Le corps de troupe commandant démissionnaire Thomas Süssli a de la peine à évaluer correctement son propre rôle. Alors qu’il était encore en fonction comme chef de l’armée, il s’est mis à disposition de l’Advisory Board de la NZZ Academy – une préférence unilatérale pour un seul média sur un marché libre, ce qui n’est permis à aucun haut fonctionnaire de la Confédération, à aucun titre.
Peter Schneider/Keystone
À présent, le malheureux Süssli, qui était l’homme qu’il ne fallait pas à la tête de l’armée et qui porte une responsabilité majeure dans l’état pitoyable actuel de celle-ci, veut entrer au Conseil national pour le PLR lucernois. Il n’a adhéré au parti qu’il y a trois mois – sans doute avec cet objectif concret déjà en tête.
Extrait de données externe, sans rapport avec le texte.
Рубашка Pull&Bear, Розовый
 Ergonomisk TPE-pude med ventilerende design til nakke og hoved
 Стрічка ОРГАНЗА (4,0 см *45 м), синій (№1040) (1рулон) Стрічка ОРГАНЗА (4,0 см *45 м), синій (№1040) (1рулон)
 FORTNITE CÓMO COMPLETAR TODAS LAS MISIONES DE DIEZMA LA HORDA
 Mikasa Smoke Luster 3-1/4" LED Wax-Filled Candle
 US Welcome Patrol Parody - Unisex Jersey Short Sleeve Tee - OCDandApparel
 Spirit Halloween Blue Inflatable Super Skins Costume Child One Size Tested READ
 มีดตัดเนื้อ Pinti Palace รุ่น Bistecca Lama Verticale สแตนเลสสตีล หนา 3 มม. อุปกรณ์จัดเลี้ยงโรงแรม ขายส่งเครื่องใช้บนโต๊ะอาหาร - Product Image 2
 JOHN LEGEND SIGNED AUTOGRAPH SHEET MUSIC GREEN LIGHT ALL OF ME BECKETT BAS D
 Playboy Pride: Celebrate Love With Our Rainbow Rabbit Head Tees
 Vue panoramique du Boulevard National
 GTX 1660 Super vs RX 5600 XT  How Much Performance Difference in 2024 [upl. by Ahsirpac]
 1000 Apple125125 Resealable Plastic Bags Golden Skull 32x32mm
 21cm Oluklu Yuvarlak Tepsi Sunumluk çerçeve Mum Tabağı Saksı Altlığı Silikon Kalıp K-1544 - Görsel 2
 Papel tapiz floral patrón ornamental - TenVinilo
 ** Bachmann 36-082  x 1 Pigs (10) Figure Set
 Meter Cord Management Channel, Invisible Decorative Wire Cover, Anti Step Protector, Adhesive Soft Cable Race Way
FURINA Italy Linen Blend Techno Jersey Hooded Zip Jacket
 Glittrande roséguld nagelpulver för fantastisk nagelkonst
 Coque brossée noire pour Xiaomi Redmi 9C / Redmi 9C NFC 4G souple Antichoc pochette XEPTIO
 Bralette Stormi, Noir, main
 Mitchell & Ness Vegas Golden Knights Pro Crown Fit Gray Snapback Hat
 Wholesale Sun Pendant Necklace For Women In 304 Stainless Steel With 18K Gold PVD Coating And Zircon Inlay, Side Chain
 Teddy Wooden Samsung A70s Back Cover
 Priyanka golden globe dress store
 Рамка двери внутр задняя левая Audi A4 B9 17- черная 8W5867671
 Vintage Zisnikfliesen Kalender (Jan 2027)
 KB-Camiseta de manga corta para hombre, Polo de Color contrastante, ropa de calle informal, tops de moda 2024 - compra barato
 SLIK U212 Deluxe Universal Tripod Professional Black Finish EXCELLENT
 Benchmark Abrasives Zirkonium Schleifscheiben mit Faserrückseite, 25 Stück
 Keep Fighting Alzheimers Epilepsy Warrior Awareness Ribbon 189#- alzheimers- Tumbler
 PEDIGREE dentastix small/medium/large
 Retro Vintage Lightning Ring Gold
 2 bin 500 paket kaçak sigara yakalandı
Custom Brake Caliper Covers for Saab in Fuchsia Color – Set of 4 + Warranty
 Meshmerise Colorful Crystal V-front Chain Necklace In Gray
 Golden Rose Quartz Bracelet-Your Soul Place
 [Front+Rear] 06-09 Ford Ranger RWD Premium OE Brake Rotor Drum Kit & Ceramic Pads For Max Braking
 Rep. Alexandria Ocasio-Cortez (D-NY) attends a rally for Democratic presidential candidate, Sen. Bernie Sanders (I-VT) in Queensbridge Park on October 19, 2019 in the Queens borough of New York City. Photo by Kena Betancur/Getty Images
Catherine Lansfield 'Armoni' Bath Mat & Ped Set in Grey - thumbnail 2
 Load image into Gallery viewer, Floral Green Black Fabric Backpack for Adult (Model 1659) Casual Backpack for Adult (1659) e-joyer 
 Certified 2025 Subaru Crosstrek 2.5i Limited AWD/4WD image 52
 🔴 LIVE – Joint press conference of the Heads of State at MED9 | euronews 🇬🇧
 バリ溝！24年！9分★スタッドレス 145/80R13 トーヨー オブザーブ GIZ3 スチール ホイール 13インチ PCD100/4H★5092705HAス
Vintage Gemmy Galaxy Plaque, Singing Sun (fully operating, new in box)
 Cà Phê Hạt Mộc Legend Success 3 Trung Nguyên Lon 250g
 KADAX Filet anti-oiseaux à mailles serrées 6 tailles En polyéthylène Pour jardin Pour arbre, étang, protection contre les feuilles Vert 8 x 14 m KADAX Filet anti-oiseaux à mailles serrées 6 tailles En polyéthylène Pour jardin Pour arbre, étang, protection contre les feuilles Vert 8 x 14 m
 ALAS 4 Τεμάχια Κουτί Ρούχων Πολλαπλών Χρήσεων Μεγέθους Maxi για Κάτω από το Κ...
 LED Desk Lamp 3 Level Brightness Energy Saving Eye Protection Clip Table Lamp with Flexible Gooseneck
Lorsque la NZZ justifie cette « nouveauté » en invoquant les « figures d’identification nationales » Guillaume Henri Dufour et Henri Guisan, de telles comparaisons prêtent plutôt à sourire. D’autant plus lorsque Süssli serait censé avoir atteint leur envergure en raison de sa fonction de général Covid.
Ce qui est choquant, en revanche, c’est que l’ex-chef de l’armée Thomas Süssli, qui a quitté ses fonctions bien avant l’âge de la retraite et à sa propre demande, se rue en politique et souhaite s’y occuper de questions militaires et de sécurité. Car en tant qu’homme politique, il deviendrait soudain le supérieur de l’actuel chef de l’armée, Benedikt Roos. Et, en tant que membre potentiel de la Commission de la politique de sécurité, il pourrait lui faire des remontrances à sa guise.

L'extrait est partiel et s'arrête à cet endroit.